* _Problem statement_:
In the material below, find the line containing "115.3 in. Square" and the line containing "AI generated: Photo". Output those two lines and all lines between them exactly, without pictures.

* _Materials provided_:
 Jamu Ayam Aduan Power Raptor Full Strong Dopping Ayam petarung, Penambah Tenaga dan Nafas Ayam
--
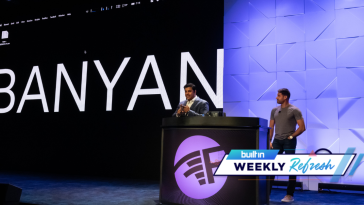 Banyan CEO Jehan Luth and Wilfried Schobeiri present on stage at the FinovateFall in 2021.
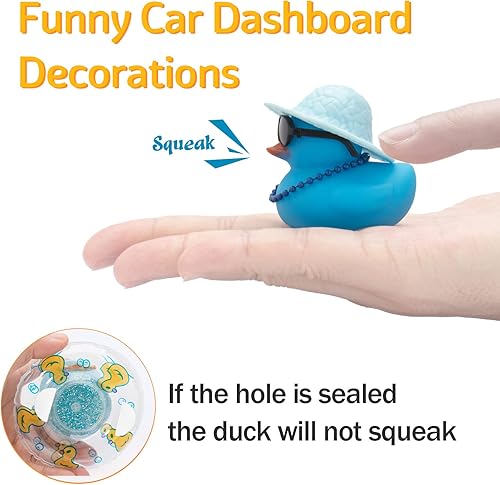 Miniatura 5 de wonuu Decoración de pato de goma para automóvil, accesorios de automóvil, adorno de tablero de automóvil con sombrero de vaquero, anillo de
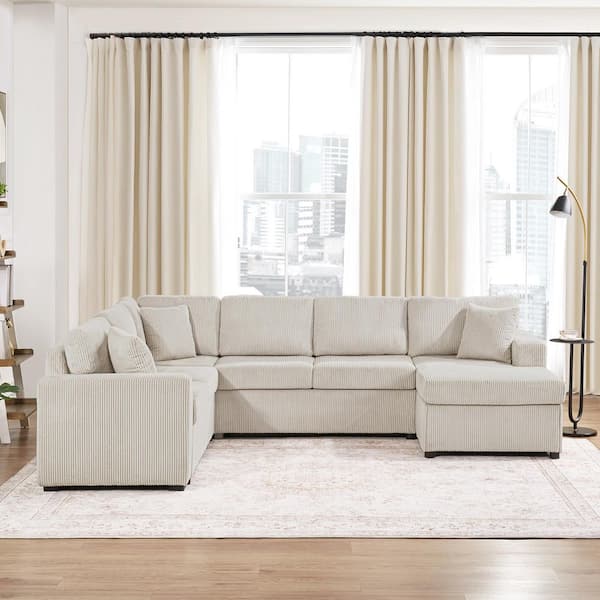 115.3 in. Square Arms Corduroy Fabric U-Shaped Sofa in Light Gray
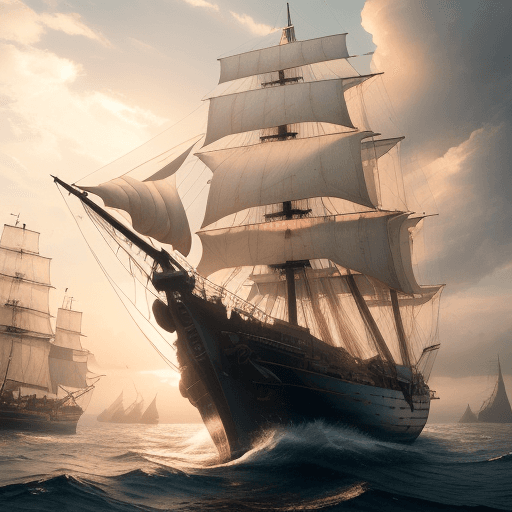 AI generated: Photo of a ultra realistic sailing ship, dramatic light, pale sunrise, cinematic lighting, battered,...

* _Answer to this task_:
 115.3 in. Square Arms Corduroy Fabric U-Shaped Sofa in Light Gray
 AI generated: Photo of a ultra realistic sailing ship, dramatic light, pale sunrise, cinematic lighting, battered,...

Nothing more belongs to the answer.